We have high tide times when I charter a boat and we set sail with purpose and direction, deliberately casting our net for a particular type of fish. On these excursions I am the captain; I have charted the course. But the children are eager crew members because they know I value their contributions. And also I provide generous rations. No stale or moldy bread on this ship: no dull textbooks, no dry workbooks. My sailors sink their teeth into fresh, hearty bread slathered with rich butter and tart-sweet jam. Well fed and proud of their work, my little crew exhilarates in the voyage. Every journey is an adventure.

And we have low tide times when we amble along the shore, peering into tide pools and digging in the sand, or just relaxing under beach umbrella. The children wander off in directions of their own choosing; they dig and poke and ponder. One of them may crouch over a rock pool and stay there for days, studying, watching. Another will run headlong into the waves, thrilling to the pull on her legs, splashing, leaping, diving under and emerging triumphantly farther out. Or a child might prefer to stay close by my side, drawing stick pictures in the sand or building a castle. All of these things may be happening at once. Sometimes it looks as though nothing is happening: there’s just an array of bodies on beach towels. But oh, the nourishment there is in a time of quiet reflection while the soul soaks up the sunlight!

Our family enjoys both kinds of learning—the heady adventure of the well-planned fishing trip, with a goal and a destination in mind, and the mellower joys of undirected discovery during weeks at the metaphorical beach. Around here, the low tide times happen much more often than the high tide times, and often I find that the children catch more fish, so to speak, when the tide is out. Beachcombing reveals many treasures. But they do enjoy their excursions with Cap’n Mom.
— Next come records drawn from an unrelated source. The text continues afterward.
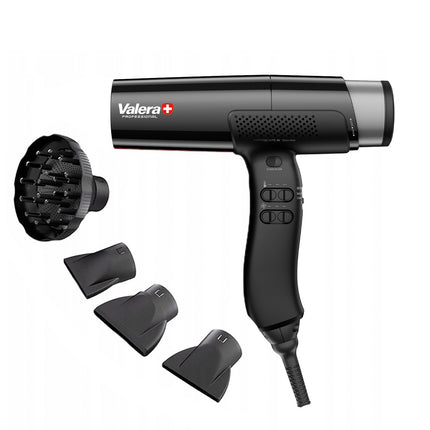 valera-matrixcare-ai-hair-dryer-black-4911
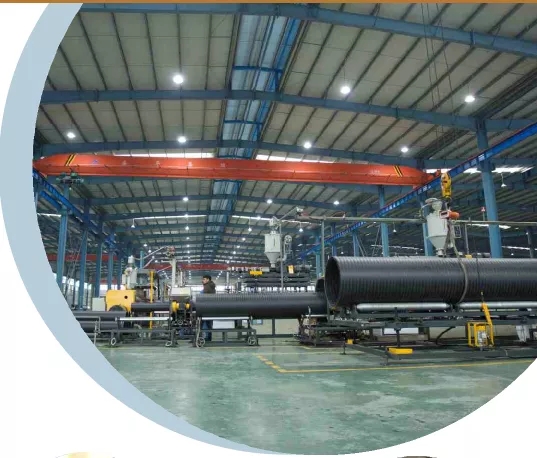 1588227476115239.jpg 640.webp (8).jpg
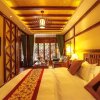Отель Xian Lai Ju Inn, фото 12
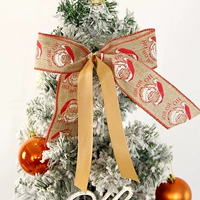 Цвета шампанского, 15-20см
I really believe joy is the key, the element we breathe whether the tide is in or out. It’s the wind that propels our ship; it’s the tangy breeze that cools and refreshes us on the beach.

In the coming days I’ll write about how the metaphor plays out in our house on a practical level. “So what do you do all day?” is a question I’m often asked, and since every day is different, it’s easiest to answer that question with snapshots and specifics. Right now, this week, we’re spending our mornings on the boat. We’re studying sign language and German; we’re enjoying a Robert Frost poem every day; we’re reading a book of English history together as well as the oft-mentioned The Penderwicks. Jane spends time on her self-prescribed drawing exercises every day, and my funny Rose continues her dogged pursuit of ancient Greek. (More on that another day). I’ve plotted a rough course that should bring us back into port in early April, when the newest member of our crew will arrive. And then I expect the tide will go out for quite a long time. It’s always a low tide time for us in spring, even when there isn’t a new baby. I’m laying in a good supply of books to read from the shade of my umbrella, but I imagine the children will spend most of their time off exploring the shore.